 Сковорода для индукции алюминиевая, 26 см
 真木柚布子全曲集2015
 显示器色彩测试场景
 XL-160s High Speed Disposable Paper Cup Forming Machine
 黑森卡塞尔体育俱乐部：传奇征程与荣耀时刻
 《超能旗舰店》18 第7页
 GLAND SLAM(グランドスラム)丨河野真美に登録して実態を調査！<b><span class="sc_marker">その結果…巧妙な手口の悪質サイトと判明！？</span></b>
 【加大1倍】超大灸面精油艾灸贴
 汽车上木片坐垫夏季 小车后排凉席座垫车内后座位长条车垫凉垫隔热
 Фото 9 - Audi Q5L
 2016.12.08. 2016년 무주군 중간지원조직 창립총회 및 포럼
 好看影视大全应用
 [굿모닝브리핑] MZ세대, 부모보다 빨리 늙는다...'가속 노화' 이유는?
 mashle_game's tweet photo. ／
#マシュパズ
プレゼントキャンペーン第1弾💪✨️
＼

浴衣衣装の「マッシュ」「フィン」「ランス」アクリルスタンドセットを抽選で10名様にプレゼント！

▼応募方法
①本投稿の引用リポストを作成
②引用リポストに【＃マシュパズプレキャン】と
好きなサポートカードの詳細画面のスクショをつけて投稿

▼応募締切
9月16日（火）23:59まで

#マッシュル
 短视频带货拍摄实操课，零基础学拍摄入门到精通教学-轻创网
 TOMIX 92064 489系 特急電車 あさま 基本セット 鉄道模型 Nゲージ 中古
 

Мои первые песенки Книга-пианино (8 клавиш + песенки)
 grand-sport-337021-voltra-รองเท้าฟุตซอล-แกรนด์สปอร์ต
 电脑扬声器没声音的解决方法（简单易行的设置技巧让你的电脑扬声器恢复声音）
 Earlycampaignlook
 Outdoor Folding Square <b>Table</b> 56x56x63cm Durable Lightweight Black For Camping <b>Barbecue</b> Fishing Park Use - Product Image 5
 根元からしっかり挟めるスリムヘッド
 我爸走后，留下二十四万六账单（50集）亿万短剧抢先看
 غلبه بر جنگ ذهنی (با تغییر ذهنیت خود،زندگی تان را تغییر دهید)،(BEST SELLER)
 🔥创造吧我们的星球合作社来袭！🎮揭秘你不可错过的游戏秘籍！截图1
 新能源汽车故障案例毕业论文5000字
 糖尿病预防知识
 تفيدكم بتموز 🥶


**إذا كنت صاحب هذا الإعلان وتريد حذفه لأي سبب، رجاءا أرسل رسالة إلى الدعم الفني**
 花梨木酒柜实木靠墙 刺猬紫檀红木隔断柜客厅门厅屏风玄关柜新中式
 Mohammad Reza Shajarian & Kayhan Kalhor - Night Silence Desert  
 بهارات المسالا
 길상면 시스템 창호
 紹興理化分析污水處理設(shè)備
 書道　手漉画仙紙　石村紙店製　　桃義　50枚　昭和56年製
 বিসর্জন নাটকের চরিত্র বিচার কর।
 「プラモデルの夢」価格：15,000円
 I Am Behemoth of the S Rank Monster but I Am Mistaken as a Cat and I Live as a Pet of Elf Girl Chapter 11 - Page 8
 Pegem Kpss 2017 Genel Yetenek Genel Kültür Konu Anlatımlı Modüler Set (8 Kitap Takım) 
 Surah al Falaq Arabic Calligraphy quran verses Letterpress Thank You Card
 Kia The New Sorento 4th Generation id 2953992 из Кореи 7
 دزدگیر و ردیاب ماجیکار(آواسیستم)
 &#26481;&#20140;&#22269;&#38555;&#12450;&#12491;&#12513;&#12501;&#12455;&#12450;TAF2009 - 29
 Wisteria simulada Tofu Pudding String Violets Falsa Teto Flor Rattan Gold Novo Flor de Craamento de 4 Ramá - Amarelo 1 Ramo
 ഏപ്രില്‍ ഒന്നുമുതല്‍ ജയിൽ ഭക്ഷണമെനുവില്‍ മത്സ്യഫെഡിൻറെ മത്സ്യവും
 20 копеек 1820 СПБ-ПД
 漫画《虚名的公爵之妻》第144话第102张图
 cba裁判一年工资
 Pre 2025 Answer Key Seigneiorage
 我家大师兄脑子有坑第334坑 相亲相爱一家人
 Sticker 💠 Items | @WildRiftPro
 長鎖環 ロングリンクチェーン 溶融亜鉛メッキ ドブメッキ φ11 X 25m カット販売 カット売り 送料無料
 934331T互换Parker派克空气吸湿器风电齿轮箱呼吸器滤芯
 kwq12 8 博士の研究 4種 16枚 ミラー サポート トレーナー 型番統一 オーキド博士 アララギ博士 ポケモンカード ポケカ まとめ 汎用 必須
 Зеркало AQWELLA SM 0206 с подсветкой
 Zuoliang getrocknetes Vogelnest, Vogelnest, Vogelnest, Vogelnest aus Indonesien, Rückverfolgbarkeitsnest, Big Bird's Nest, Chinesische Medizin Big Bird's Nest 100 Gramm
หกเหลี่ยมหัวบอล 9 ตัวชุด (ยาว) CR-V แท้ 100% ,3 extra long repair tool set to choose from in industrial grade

***

» **Problem to work on**:
When you repeat the lines, start with the first line of the material and end with the line that contains "Surah al Falaq", keeping both and reproducing each exactly, with nothing added.

» **Answer space**:
 Сковорода для индукции алюминиевая, 26 см
 真木柚布子全曲集2015
 显示器色彩测试场景
 XL-160s High Speed Disposable Paper Cup Forming Machine
 黑森卡塞尔体育俱乐部：传奇征程与荣耀时刻
 《超能旗舰店》18 第7页
 GLAND SLAM(グランドスラム)丨河野真美に登録して実態を調査！<b><span class="sc_marker">その結果…巧妙な手口の悪質サイトと判明！？</span></b>
 【加大1倍】超大灸面精油艾灸贴
 汽车上木片坐垫夏季 小车后排凉席座垫车内后座位长条车垫凉垫隔热
 Фото 9 - Audi Q5L
 2016.12.08. 2016년 무주군 중간지원조직 창립총회 및 포럼
 好看影视大全应用
 [굿모닝브리핑] MZ세대, 부모보다 빨리 늙는다...'가속 노화' 이유는?
 mashle_game's tweet photo. ／
#マシュパズ
プレゼントキャンペーン第1弾💪✨️
＼

浴衣衣装の「マッシュ」「フィン」「ランス」アクリルスタンドセットを抽選で10名様にプレゼント！

▼応募方法
①本投稿の引用リポストを作成
②引用リポストに【＃マシュパズプレキャン】と
好きなサポートカードの詳細画面のスクショをつけて投稿

▼応募締切
9月16日（火）23:59まで

#マッシュル
 短视频带货拍摄实操课，零基础学拍摄入门到精通教学-轻创网
 TOMIX 92064 489系 特急電車 あさま 基本セット 鉄道模型 Nゲージ 中古
 

Мои первые песенки Книга-пианино (8 клавиш + песенки)
 grand-sport-337021-voltra-รองเท้าฟุตซอล-แกรนด์สปอร์ต
 电脑扬声器没声音的解决方法（简单易行的设置技巧让你的电脑扬声器恢复声音）
 Earlycampaignlook
 Outdoor Folding Square <b>Table</b> 56x56x63cm Durable Lightweight Black For Camping <b>Barbecue</b> Fishing Park Use - Product Image 5
 根元からしっかり挟めるスリムヘッド
 我爸走后，留下二十四万六账单（50集）亿万短剧抢先看
 غلبه بر جنگ ذهنی (با تغییر ذهنیت خود،زندگی تان را تغییر دهید)،(BEST SELLER)
 🔥创造吧我们的星球合作社来袭！🎮揭秘你不可错过的游戏秘籍！截图1
 新能源汽车故障案例毕业论文5000字
 糖尿病预防知识
 تفيدكم بتموز 🥶


**إذا كنت صاحب هذا الإعلان وتريد حذفه لأي سبب، رجاءا أرسل رسالة إلى الدعم الفني**
 花梨木酒柜实木靠墙 刺猬紫檀红木隔断柜客厅门厅屏风玄关柜新中式
 Mohammad Reza Shajarian & Kayhan Kalhor - Night Silence Desert  
 بهارات المسالا
 길상면 시스템 창호
 紹興理化分析污水處理設(shè)備
 書道　手漉画仙紙　石村紙店製　　桃義　50枚　昭和56年製
 বিসর্জন নাটকের চরিত্র বিচার কর।
 「プラモデルの夢」価格：15,000円
 I Am Behemoth of the S Rank Monster but I Am Mistaken as a Cat and I Live as a Pet of Elf Girl Chapter 11 - Page 8
 Pegem Kpss 2017 Genel Yetenek Genel Kültür Konu Anlatımlı Modüler Set (8 Kitap Takım) 
 Surah al Falaq Arabic Calligraphy quran verses Letterpress Thank You Card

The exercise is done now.